8. Delivery and ride-sharing have been accelerated by changes in Vietnamese consumer behaviour
Most service and trading businesses have been working from home. This along with the stratospheric rise in e-commerce has further propelled delivery and ride-sharing services on both the demand side and also the expansion of existing players and the entry of new players.
Both online gaming and content streaming through the likes of YouTube, TikTok and Qiy have accelerated as consumers have spent less time out of home and more time on their smartphones.
9. E-wallets have benefited from changes in Vietnamese consumer behaviour
The desire to be contactless and the convenience of mobile payments in Vietnam is diminishing the use of cash on delivery slightly, a push that e-payments really need.
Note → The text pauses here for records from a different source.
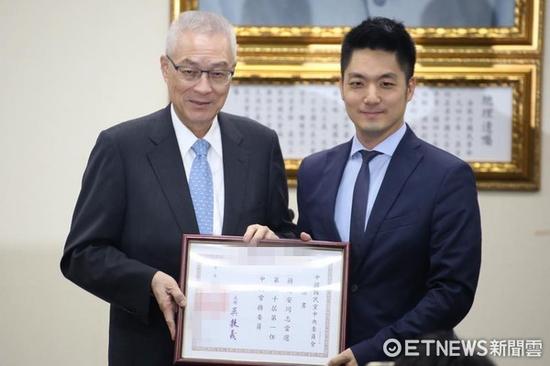 国民党主席吴敦义、国民党“立委”蒋万安。(图片来源:台湾“东森新闻云”)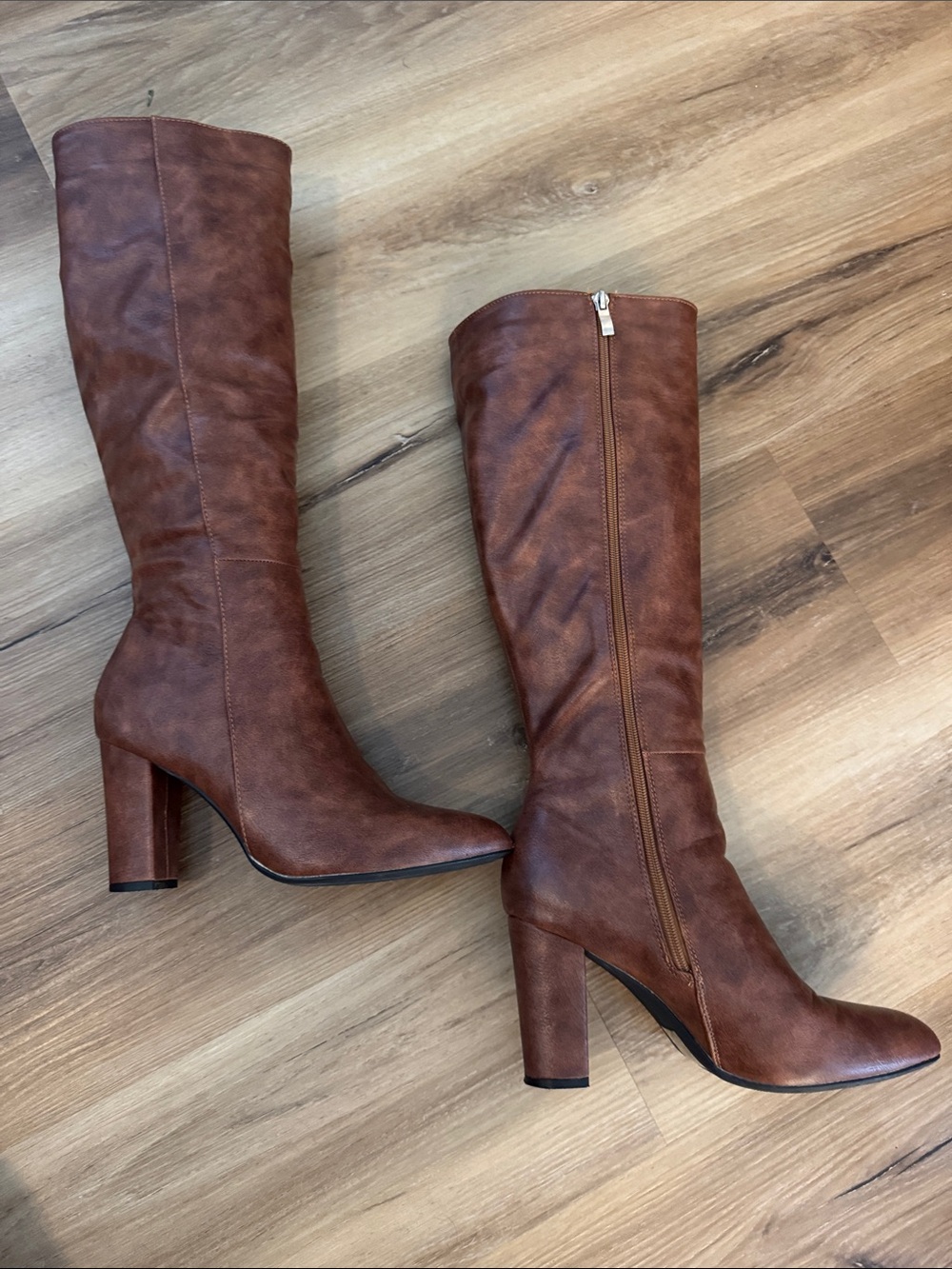 Women's Tall Brown Knee-High Block Heel Boots
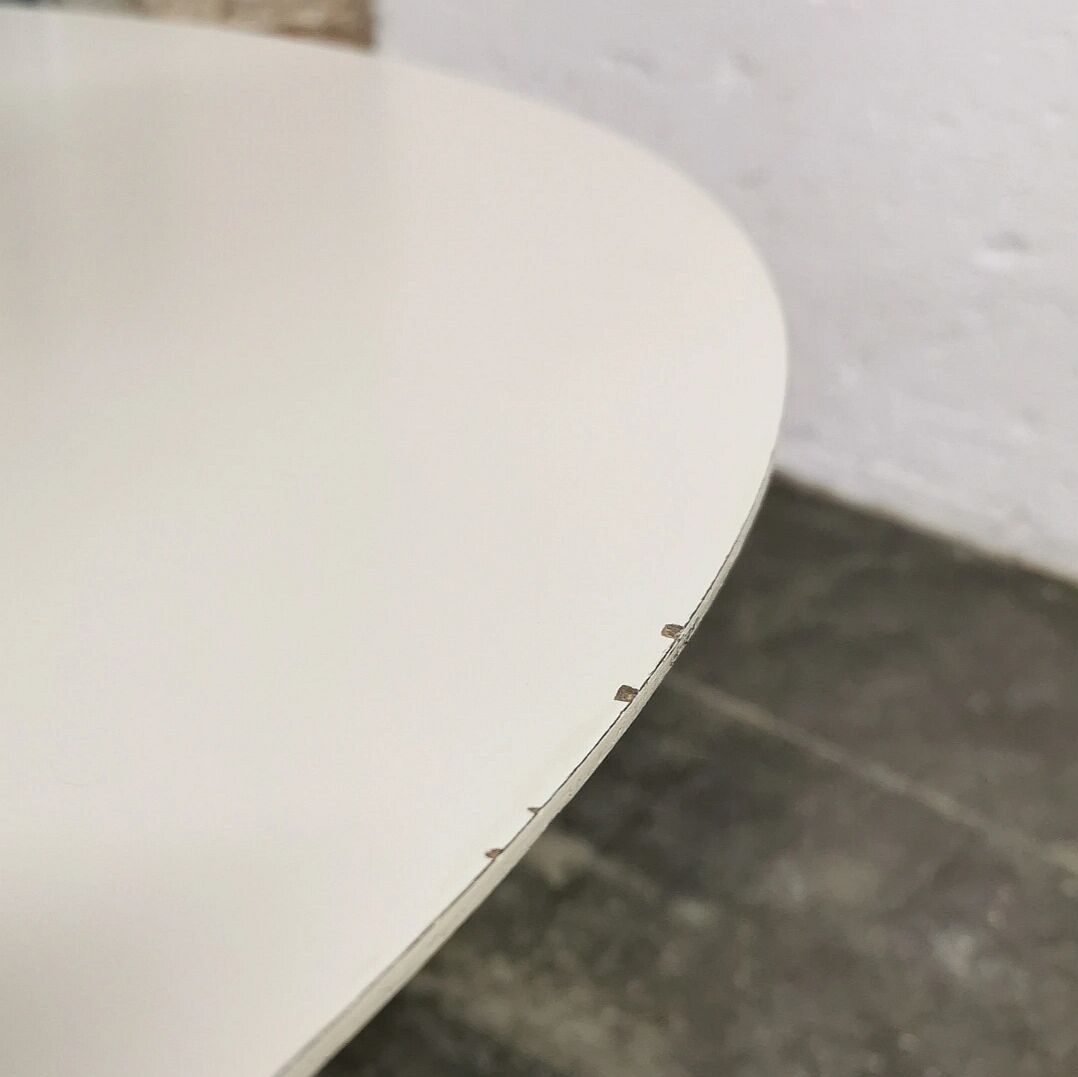 Table à manger pied tulipe 1970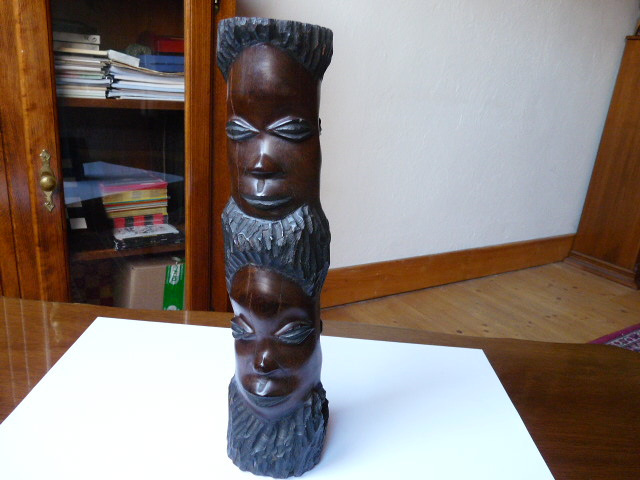 africké ľudové umenie – drevené artefakty 1 - 9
The vast majority of shoppers prefer cash on delivery for the control this affords the consumer should products not meet expectations.
10. Temporary changes in Vietnamese consumer behaviour
Numerous fast-moving consumer products relating to hygiene and preventing transmission have experienced strong growth during the pandemic. These include hand sanitiser, masks, even regular bar and liquid soap, body wash and following rumours of Covid festering in our throats, mouthwash.
The following categories have seen a tremendous upside as a result of Covid.
- Food and beverage delivery.
- Hoarding of consumer-packaged foods in case of stay-at-home orders.
- Health supplements to maintain health and build stronger immunity.
- Books and stationery for home entertainment and schooling.
- Electrical accessories to enable better in-home streaming entertainment and gaming.
- Sports apparel to embrace healthier lifestyle choices.
As and when Covid dissipates these categories will reverse to their typical growth trajectories last seen in 2019.
11. Start marketing planning now to stay ahead of the big bounce back
Read Cimigo’s approach on marketing planning to stay ahead of the big bounce back. The pandemic has forced changes in consumer behaviour. Life will not return to normal, a new normal will evolve with new habits and rituals. Consumer mindsets and behaviours have changed, some will be temporary but others will become permanent. These changes will need to be rapidly understood and your product, price, positioning and channel will need to be adjusted.